Adding to signs of slowdown, economic confidence dropped to the lowest in eight months in June and German investors were the most pessimistic in 2 1/2 years in July. German executive confidence probably also declined this month, according to a Bloomberg survey. The Munich-based Ifo institute will release the indicator tomorrow.
BMW, based in Munich, expects “certain economies around the world will go into a more difficult situation,” Marketing Director Ian Robertson said in an interview on July 14. While Europe is “a tale of north and south,” markets including China and Brazil are showing sales growth of 60 percent or more, he said.
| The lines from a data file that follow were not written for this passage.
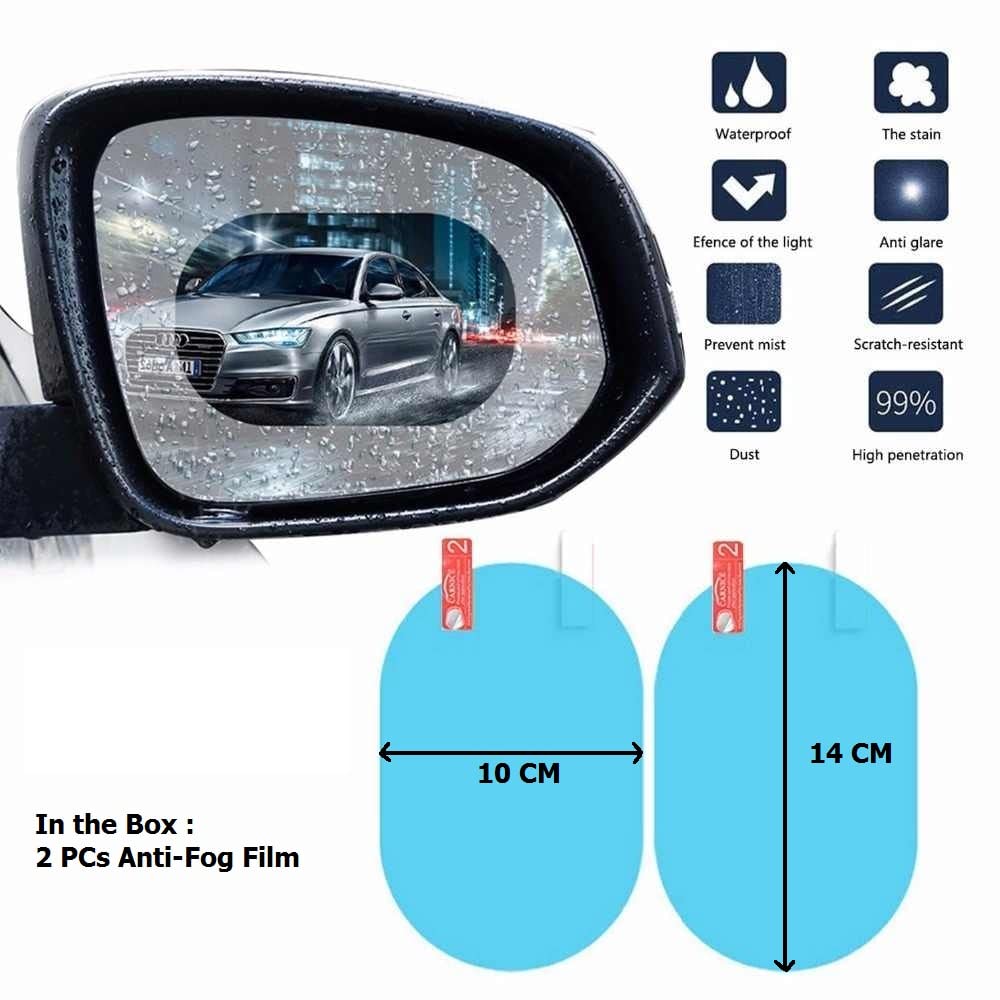 Anti Fog Anti Scratch Interior Rearview Car Mirror Film Waterproof HD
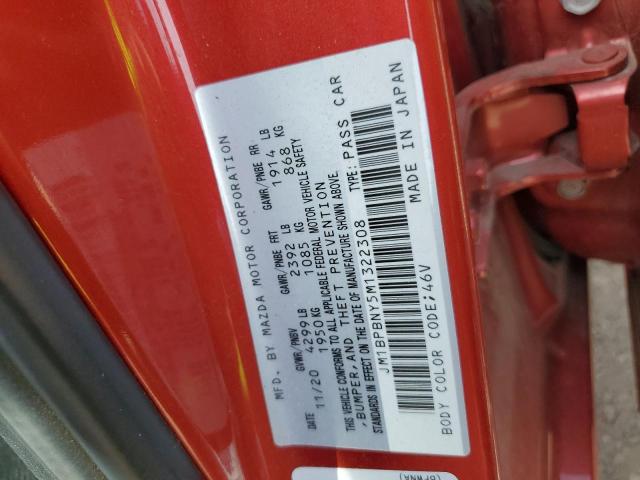 Photo 11 VIN: JM1BPBNY5M1322308 - MAZDA 3 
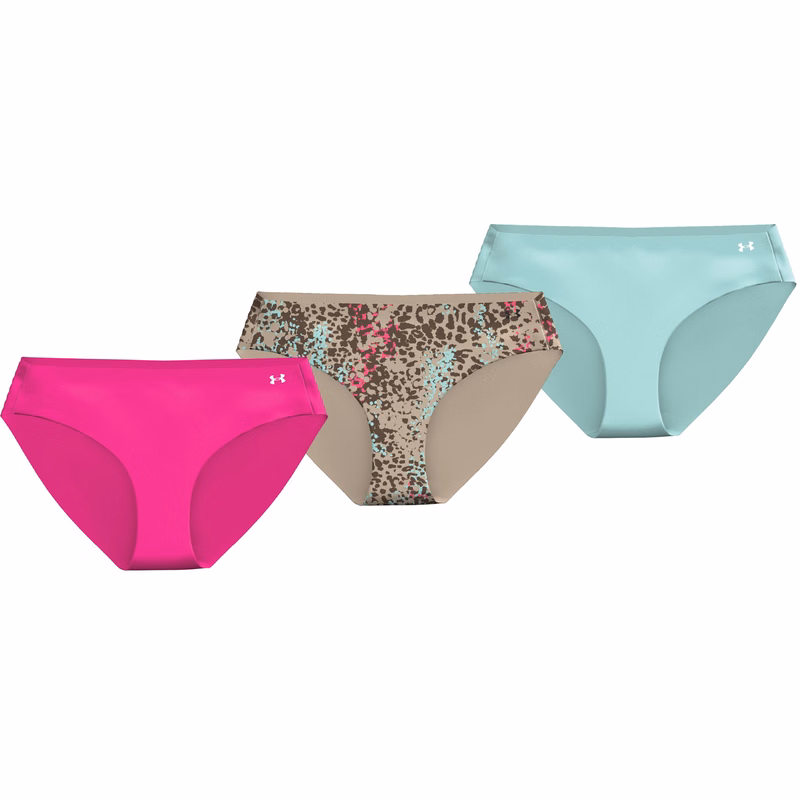 UA Pure Stretch Printed Women's 3-Pack No Show Bikini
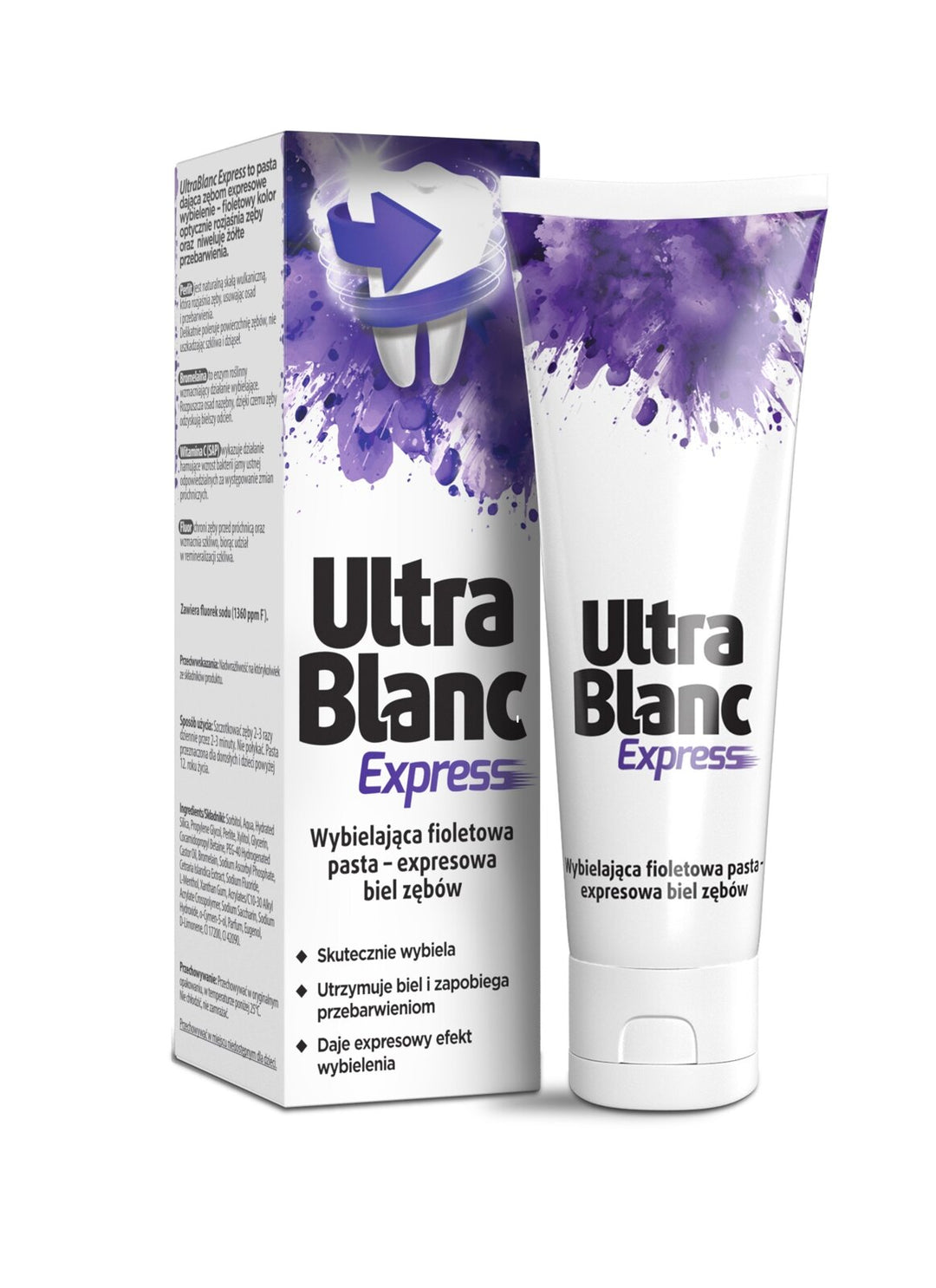 UltraBlanc Express Whitening Purple Toothpaste 75ml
In Greece, which received a bailout last year, the market “has virtually disappeared,” according to Robertson.
European officials are exploring ideas from bond buybacks to a temporary default as they overhaul strategies to alleviate pressure on Greece and prevent panic from spreading. Italian Finance Minister Giulio Tremonti said last week that “like with the Titanic, even the first-class passengers can’t be saved.”
The European Banking Authority said on July 15 that eight out of the 90 banks had failed the stress tests. Regulators didn’t include the impact of a Greek default in the assessment even though credit-default swaps indicate investors see an almost 90 percent chance of the country restructuring its debt.
“With this week’s summit, the results of the stress tests will only be secondary.,” Carsten Brzeski, an economist at ING Group in Brussels, told Owen Thomas on Bloomberg Television’s “First Look” on July 18. “Just tough talk is not sufficient any more. We really need to see a breakthrough, we need to see how the euro zone is willing to deal” with the Greek issues.
With governments cutting spending and raising taxes to plug their budget gaps, companies have relied on faster-growing markets to boost sales. Volkswagen AG, Europe’s largest carmaker, said earlier this month that first-half deliveries exceeded 4 million units for the first time ever.
“We’re also confident we can perform better than the global automobile market during the second half,” VW sales chief Christian Klingler said in a statement on July 15. Still, “plenty of hard work lies ahead.”
Euro-region industrial orders probably rose 0.8 percent in May from the previous month, according to a Bloomberg survey. The European Union’s statistics office in Luxembourg will release the figures tomorrow at 11 a.m.